Processing & substreams

Real binary formats rarely hand you a field you can read straight off the wire. Bytes may be compressed, lightly obfuscated, or stored in a region whose length you only learn at runtime. Kaitai Struct handles all three declaratively:

  • process runs a byte-to-byte transformation (decompression, de-obfuscation) on a field's raw bytes before they are parsed.
  • A substream is a smaller, bounded stream carved out of the current one, created automatically when you combine size with a type.
  • _io is the stream object attached to every parsed object, which lets you read its position, detect end-of-stream, and (with io:) jump to another stream entirely.

All .ksy snippets below are written in YAML and compiled with ksc (kaitai-struct-compiler) into a parser for your target language.

The process key

process plugs in a predefined algorithm that "takes a stream of bytes and returns another stream of bytes". The compiler reads the field's raw bytes, runs them through the named transformation, and then parses the result.

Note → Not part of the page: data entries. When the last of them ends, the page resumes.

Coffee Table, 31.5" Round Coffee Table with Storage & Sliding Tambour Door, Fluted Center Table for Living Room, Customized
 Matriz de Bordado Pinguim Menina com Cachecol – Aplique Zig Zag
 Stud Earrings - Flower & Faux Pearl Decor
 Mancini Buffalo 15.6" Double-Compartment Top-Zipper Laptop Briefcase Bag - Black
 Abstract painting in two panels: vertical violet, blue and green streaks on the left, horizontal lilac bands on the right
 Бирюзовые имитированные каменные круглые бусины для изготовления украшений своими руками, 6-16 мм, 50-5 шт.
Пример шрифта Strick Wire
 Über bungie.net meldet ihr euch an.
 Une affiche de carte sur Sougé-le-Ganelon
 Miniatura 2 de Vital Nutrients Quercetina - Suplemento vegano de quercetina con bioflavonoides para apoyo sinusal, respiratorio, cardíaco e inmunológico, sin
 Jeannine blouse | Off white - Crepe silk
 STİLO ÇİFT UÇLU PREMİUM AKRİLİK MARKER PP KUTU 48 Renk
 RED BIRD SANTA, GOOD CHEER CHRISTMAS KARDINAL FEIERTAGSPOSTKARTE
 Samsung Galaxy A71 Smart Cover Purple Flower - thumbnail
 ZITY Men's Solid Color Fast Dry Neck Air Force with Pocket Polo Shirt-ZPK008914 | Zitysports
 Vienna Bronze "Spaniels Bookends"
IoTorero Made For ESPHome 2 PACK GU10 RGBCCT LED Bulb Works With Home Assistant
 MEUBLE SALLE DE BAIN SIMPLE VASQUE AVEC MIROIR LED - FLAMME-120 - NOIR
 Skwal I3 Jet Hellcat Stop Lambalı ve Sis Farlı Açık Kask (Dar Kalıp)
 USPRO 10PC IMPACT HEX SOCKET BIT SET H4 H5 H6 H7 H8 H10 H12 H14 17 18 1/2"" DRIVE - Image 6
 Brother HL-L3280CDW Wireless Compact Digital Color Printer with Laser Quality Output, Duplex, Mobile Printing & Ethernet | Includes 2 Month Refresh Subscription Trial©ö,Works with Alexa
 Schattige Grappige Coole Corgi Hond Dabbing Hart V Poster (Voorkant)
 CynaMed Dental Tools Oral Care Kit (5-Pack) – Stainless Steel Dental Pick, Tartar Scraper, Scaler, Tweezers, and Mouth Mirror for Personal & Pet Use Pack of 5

As the user guide puts it, the incoming data "should be pre-processed before actual parsing takes place, or we'll just end up with garbage getting parsed".

process is available only on raw byte arrays or user types — i.e. fields that have a size (or size-eos), not on plain integer/float primitives.

The runtime libraries ship a standard set of transformations:

process valuePurposeArgument(s)
zlibDecompress zlib-compressed datanone
xor(key)XOR every byte with a keya single byte, or a byte array
rol(n)Circular bit rotate left by n bitsbit count n
ror(n)Circular bit rotate right by n bitsbit count n
note

process describes a byte-level transformation that happens before parsing. It is not a hook for arbitrary code in the .ksy itself — the algorithm names above are the built-in set. The expression language is allowed only inside the argument (for example, to reference a key you read earlier), not to invent a new algorithm.

XOR de-obfuscation

XOR is the simplest case: each byte of the raw data is XORed with the key. The key can be a literal, or an expression referencing another field.

seq:
- id: body_len
type: u4
- id: body
size: body_len
process: xor(0xaa)
type: some_body_type

Because the argument is an expression, you can XOR against a key that was read earlier in the same structure:

seq:
- id: key
type: u1
- id: payload
size: 16
process: xor(key)
Obfuscation, not encryption

XOR with a fixed (or trivially derivable) key is obfuscation. It hides nothing from an attacker and provides no confidentiality — it only stops naive tools from reading the bytes directly. Treat process: xor(...) as a format quirk to be undone, never as a security measure.

zlib decompression

process: zlib runs the raw bytes through a zlib (DEFLATE) decompressor and parses the decompressed output.

seq:
- id: len_compressed
type: u4
- id: data
size: len_compressed
process: zlib
type: payload
Compression specifics

zlib here means the zlib container format (RFC 1950) wrapping DEFLATE (RFC 1951) — the same envelope used inside PNG IDAT chunks and many archive formats. It is not raw DEFLATE, gzip (RFC 1952), or any other codec. If a format stores gzip or a different compression scheme, model that structure explicitly rather than reaching for process: zlib. Decompression is provided by each runtime's underlying zlib binding, so behaviour follows the standard library, not Kaitai.

rol / ror bit rotation

rol(n) and ror(n) apply a circular bit rotation to each byte — rol rotates left, ror rotates right, by n bits. They are exact inverses of each other: rol(n) undoes ror(n) for the same byte width.

seq:
- id: scrambled
size: 32
process: rol(3)
type: some_body_type
tip

Like XOR, rol/ror is light obfuscation, not cryptography. Reach for it when a format author has rotated bits to make data look opaque, then let Kaitai rotate them back.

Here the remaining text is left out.